# WORK INSTRUCTION:
Repeat, line for line, the entries printed below.
───── MATERIAL SHOWN
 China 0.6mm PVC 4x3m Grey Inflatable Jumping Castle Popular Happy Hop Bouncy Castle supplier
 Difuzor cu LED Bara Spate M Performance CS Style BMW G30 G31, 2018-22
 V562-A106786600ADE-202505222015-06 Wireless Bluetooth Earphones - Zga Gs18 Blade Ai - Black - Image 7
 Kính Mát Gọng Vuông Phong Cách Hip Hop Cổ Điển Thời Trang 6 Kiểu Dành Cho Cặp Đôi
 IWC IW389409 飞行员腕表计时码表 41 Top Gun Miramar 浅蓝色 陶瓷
──────────
# WRITTEN ANSWER:
 China 0.6mm PVC 4x3m Grey Inflatable Jumping Castle Popular Happy Hop Bouncy Castle supplier
 Difuzor cu LED Bara Spate M Performance CS Style BMW G30 G31, 2018-22
 V562-A106786600ADE-202505222015-06 Wireless Bluetooth Earphones - Zga Gs18 Blade Ai - Black - Image 7
 Kính Mát Gọng Vuông Phong Cách Hip Hop Cổ Điển Thời Trang 6 Kiểu Dành Cho Cặp Đôi
 IWC IW389409 飞行员腕表计时码表 41 Top Gun Miramar 浅蓝色 陶瓷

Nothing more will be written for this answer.